**Description of the task:**
Please repeat word for word the line containing "Colazione di farina" and every following line up to and including the last one below, pictures excluded.
====== Given information ======
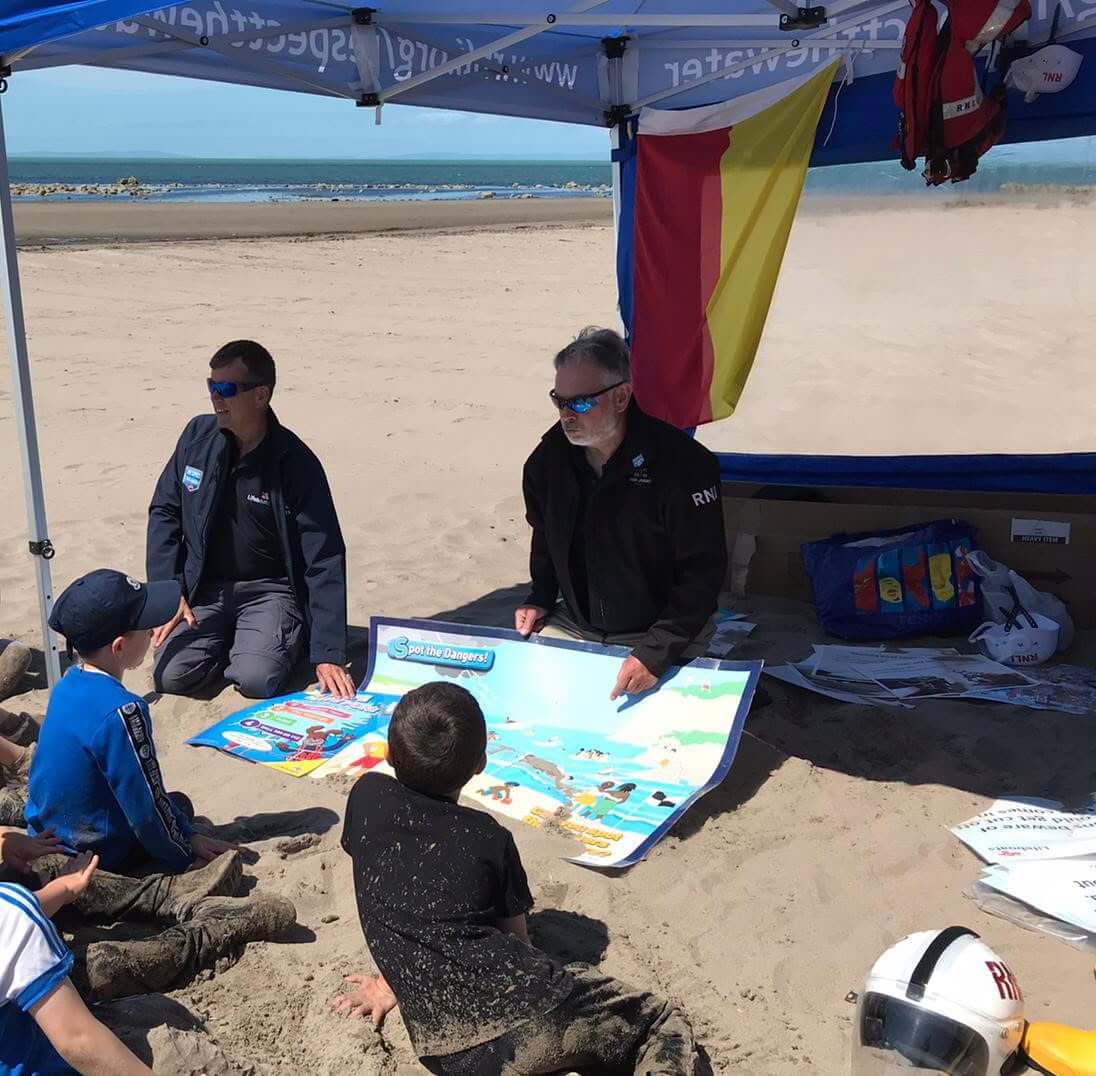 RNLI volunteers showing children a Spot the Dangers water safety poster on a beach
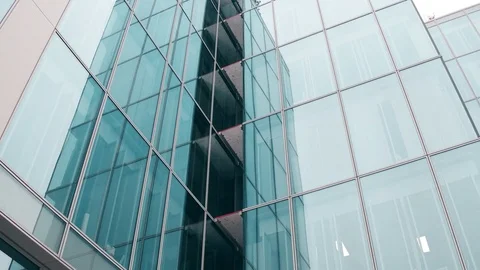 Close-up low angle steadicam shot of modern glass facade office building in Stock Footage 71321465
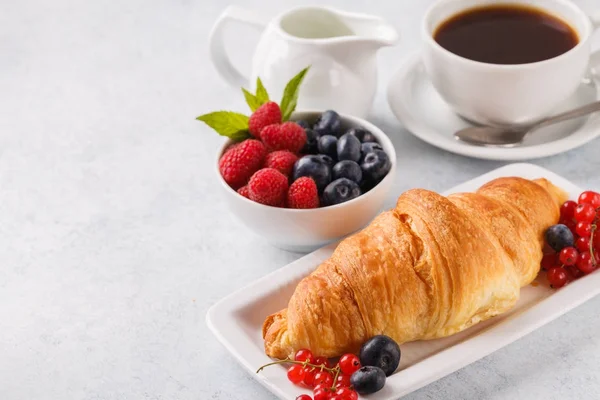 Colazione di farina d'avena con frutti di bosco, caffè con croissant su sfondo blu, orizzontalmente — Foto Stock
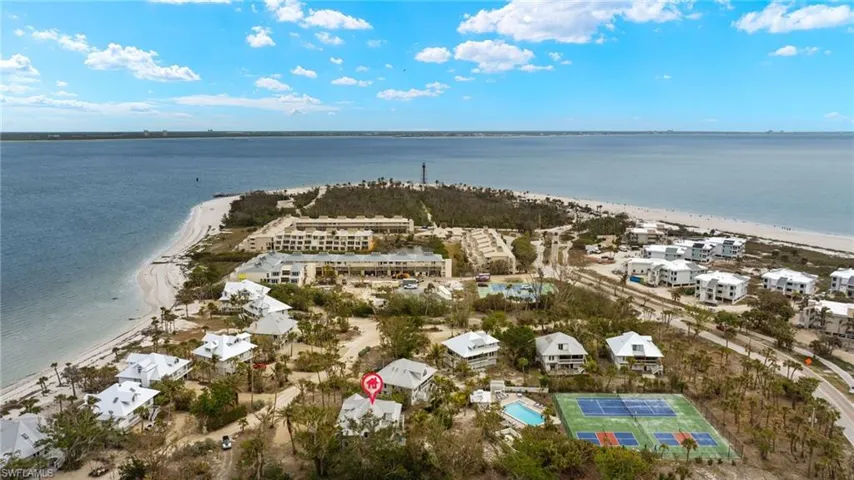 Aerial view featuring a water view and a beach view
======
**Task solution:**
 Colazione di farina d'avena con frutti di bosco, caffè con croissant su sfondo blu, orizzontalmente — Foto Stock
 Aerial view featuring a water view and a beach view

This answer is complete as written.